As Mayor Bill de Blasio jumps on the “vacancy tax” bandwagon, the Real Estate Board of New York and brokers are crying out in opposition.

Details on a potential vacancy tax—which would levy landlords that let their retail spaces sit vacant for long periods of time—have been scant, but Blasio said he would support one in an interview on the Brian Lehrer Show on WNYC last Friday.

“I am very interested in fighting…for a vacancy fee or a vacancy tax that would penalize landlords who leave their storefronts vacant for long periods of time in neighborhoods because they are looking for some top-dollar rent but they blight neighborhoods by doing it,” de Blasio said.

REBNY said the new tax, which originated with Manhattan Borough President Gale Brewer last year, is hogwash. The organization claimed that that’s not the solution when vacancies are coming as a result of economic issues that tenants face, rather than landlords, such as minimum wage increases, the paid sick leave requirement and the battle against e-commerce.

“The city’s retail environment is going through a transition primarily due to macro-market forces, like Amazon, and increasingly unfriendly local regulations,” John Banks, the president of REBNY, said in a prepared statement provided to Commercial Observer in response to the mayor’s comments. “Property owners take a substantial financial hit when they are unable to secure a tenant. A vacancy tax, premised on a flawed set of assumptions, will punish owners further and do nothing to address vacancy.”

Brewer’s office did a survey last May that identified 188 empty storefronts from the Battery to Inwood. While she didn’t didn’t provide the total number of storefronts, she said at the time that the “data will be the starting point in finding policy solutions to this problem.” In response, Cushman & Wakefield studied a slightly smaller area the following month.

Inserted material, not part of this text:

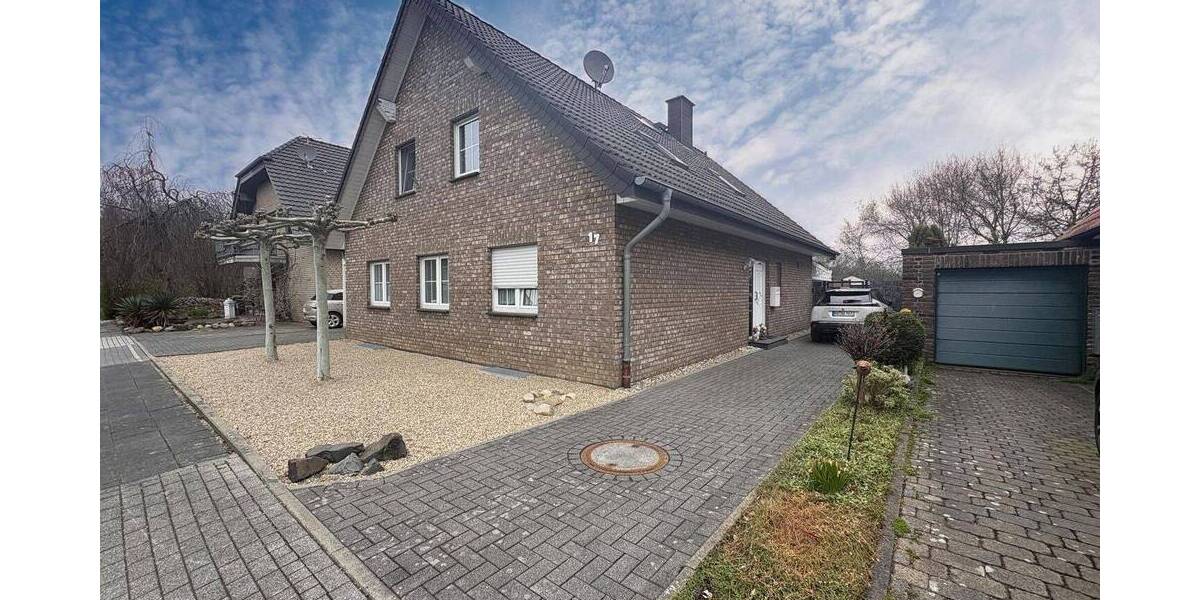 Etagenwohnung Moers Kapellen-Mitte - 3 Zimmer, 110 m&sup2;, 299.000&euro; | Angebot:26092484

On Broadway between Bowling Green and 146th Street, the brokerage recorded 133 vacant stores out of 1,580 storefronts, representing a vacancy rate of 8.4 percent.

Brokers with whom CO spoke called allegations that landlords are leaving their spaces purposefully empty is erroneous, because it would result in landlords losing revenue.

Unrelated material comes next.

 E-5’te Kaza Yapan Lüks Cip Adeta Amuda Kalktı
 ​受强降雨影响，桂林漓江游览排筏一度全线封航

“I have never met a single one of them that thinks like ‘let’s keep it vacant and I am confident that rents will go up in the next few years,’ ” said Steven Soutendijk, an executive managing director at C&W. “There is almost no justification for keeping your space vacant.”

He added later: “It’s not good for [landlord’s] buildings. It doesn’t help if you have 30 apartments that you are trying to rent and a vacant space on your ground floor.”

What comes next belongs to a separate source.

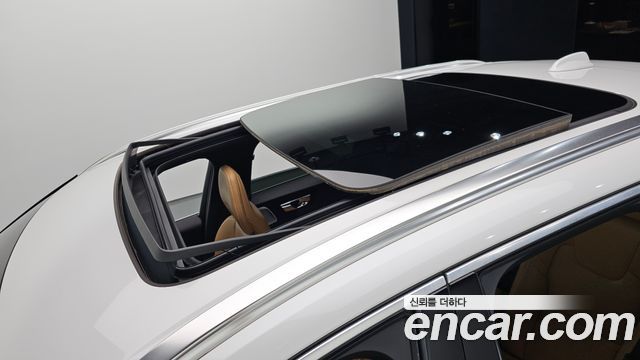 Volvo XC60 2019 — photo 34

Other brokers said that ultimately tenants will be the ones that end up paying for any new tax, because landlords would have to raise rents higher to offset the cost.

But because of all of the vacancies—if there is no new tax—brokers expect rents will come down and subsequently deals will get done to fill those empty spaces.

In fact, asking rents for the top commercial strips in Manhattan were flat or down in the final quarter of 2017 when compared with the same period in 2016, according to C&W. (The 2018 first-quarter statistics were not available yet.)

The largest declines could be found in Soho, which experienced an 16.7 drop to $440 per square foot from $528 a year earlier. Also, there was an 11.7 percent slump in Herald Square to $691 a foot from $783 a foot.

Not only will rents continue to fall to meet the market demands, but also more tenants are taking shorter-term leases to test the market, such as one- or two-year deals, according to Chris DeCrosta, a co-founder of retail brokerage GoodSpace. Afterward, if sales are up, they’ll sign longer leases.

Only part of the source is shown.